The advantage of this approach is that every part of the circuit can run at optimum speed. In a "normal" synchronous processor, the speed is often limited by the speed of the slowest part.

Asynchronous devices also consume less power. In conventional processors, much of the power is eaten up by the clock generator: a powerful clock signal is required because it must propagate as quickly as possible to all areas of the chip. Asynchronous processors generate much less electromagnetic interference (EMI) because activity is not coordinated to occur at the same precise times, which causes power spikes. The lower power consumption and EMI were obviously not even a consideration for my TTL monster processor, and in fact I didn't even think about them.

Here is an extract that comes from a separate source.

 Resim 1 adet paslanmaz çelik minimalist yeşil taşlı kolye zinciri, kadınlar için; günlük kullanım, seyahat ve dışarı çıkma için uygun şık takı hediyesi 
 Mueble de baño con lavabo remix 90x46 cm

I had never heard of asynchronous processing and thought it a very innovative idea. Later (much later) I learnt that asynchronous processors were already under development elsewhere (often you think you invented something and later find someone else has already had the same idea). The University of Manchester AMULET group was started in 1990 and has designed a number of ARM-compatible asynchronous processors.

I thought that being asynchronous would give me high performance. My design notes are incomplete and surely would have required considerable further development before being workable. But I do believe the basic principles could have led to a functioning TTL asynchronous processor. The features of this processor are as follows:

o 40-bit word size.
o 20-bit address space (5 MByte), includes DRAM controller.
o 20-bit instructions, with a few 40-bit. 2 20-bit instructions fit in one word.
o RISC Z80-like instruction set
o 10 general purpose 40-bit registers
o Floating point format: 1 sign bit, 8 exponent bits, 39 fractional bits
o Includes integer and floating point addition, subtraction and multiplication units
o Controlled, including all I/O by a Z80-based host computer.

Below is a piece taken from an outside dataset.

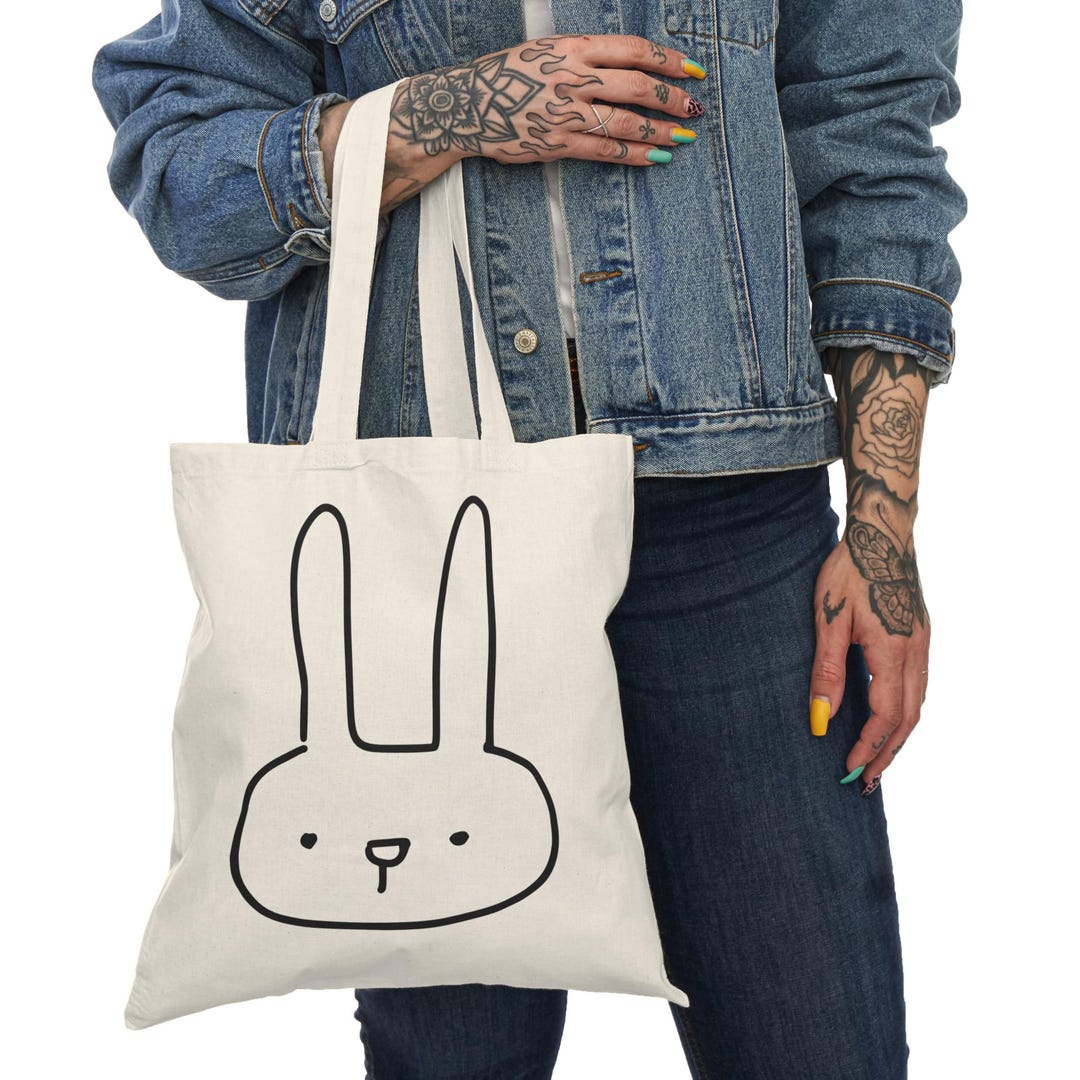 Pixie Rabbit Bag Bunny Tote Bag | Minimalist Rabbit Design - Etsy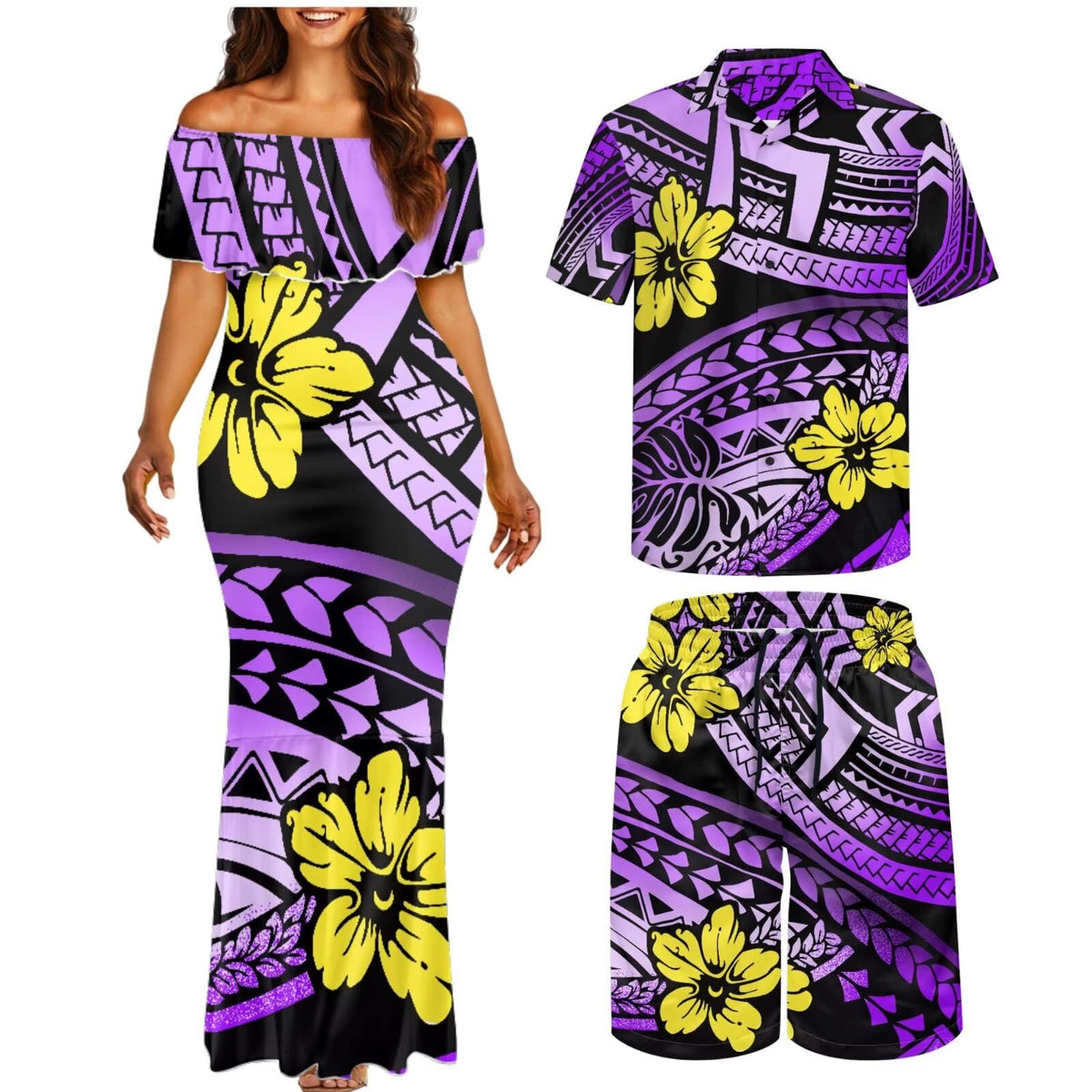Matchable Couple Hawaiian Polynesian Puletasi Samoa Womens Dress with Mens Shirt and Mens Shorts Couple Set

There are 59 scanned pages, each is about 870 x 1140 pixels in size, taking an average of about 65 KBytes. At this resolution all the pages should be readable.


1. Instruction set

The 5'th September 1992 and I begin by starting to think about the instruction set. I decide to have 16 registers. This way the register number will fit in 4 bits. The computer will be a 40-bit machine. Hopefully I will be able to fit 2 instructions in each 40-bit "word", each one taking only 20 bits. This way I can execute 2 instructions per instruction fetch. On this page the right column indicates the number of bits the instruction operands require.

The instruction groups are:

o NOP (No operation)
o Arithmetic (Multiply, Add, Subtract), integer and floating point
o Logical
o Shifts and rotates
o Loads
o Individual bit testing, setting and resetting
o Jumps, Calls, Branch (relative jump) and returns
o I/O instructions and control


2. Instruction set (continued)

The Jump, Call, Branch and Return instructions. I note that the Jump and Call instructions will not fit inside the 20 bits size I hope to use for each instruction. The destination address must be 20 bits or more, if the memory is to be a reasonable size.

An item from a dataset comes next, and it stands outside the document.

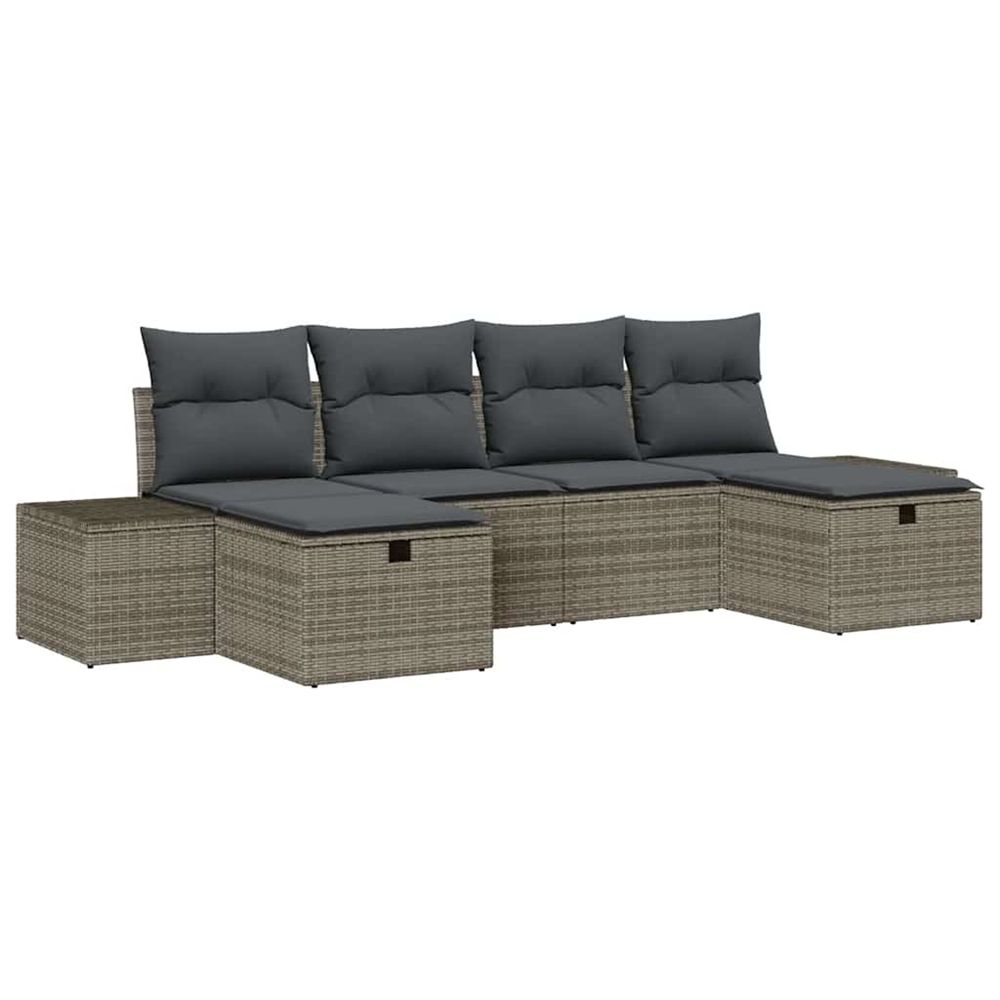 Ensemble de canapé de jardin 6 pc gris polyrotin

3. Floating Point format and Execution Units

Next I decided the format to use for floating point (none of this IEEE compliant nonsense). I use 1 sign bit, 8 exponent bits and a 31-bit fractional part. This I consider should be a reasonable accuracy for most applications, and of course it fits the 40-bit word size nicely.

I regroup the instructions and decide on what execution units I will need to build. Each unit will handle a particular type of instructions. The list of execution units doesn't seem complete.


4. Detailed Instruction Codes

The next day I consider in detail the format the instructions will take. The first 3 bits will always code the unit required. The following bits specify the opcode and operands (register numbers for source and destination data, etc). The load and store to memory instructions will require a whole 40 bits.


5. Detailed Instruction Codes: Add/Sub/Logic, Shift

The opcode for the add/sub/logic instructions fits nicely into 5 bits, so there are 12 left for the two source registers and the destination register. Neat (now you may begin to realise why I chose 40 bits for my word size).

The shift instructions also have a source and destination register. I have marked 5 bits to specify the amount of shift but I think I would really need 6 (for 0-39 bits of shift).


6. Detailed Instruction Codes: Bit manimpulation and jumps

Bit manipulations also fit exactly and neatly into 20 bits. 3 bits specify the action required, 6 bits the number of the bit in the word (0..39), and 8 bits the source and destination registers.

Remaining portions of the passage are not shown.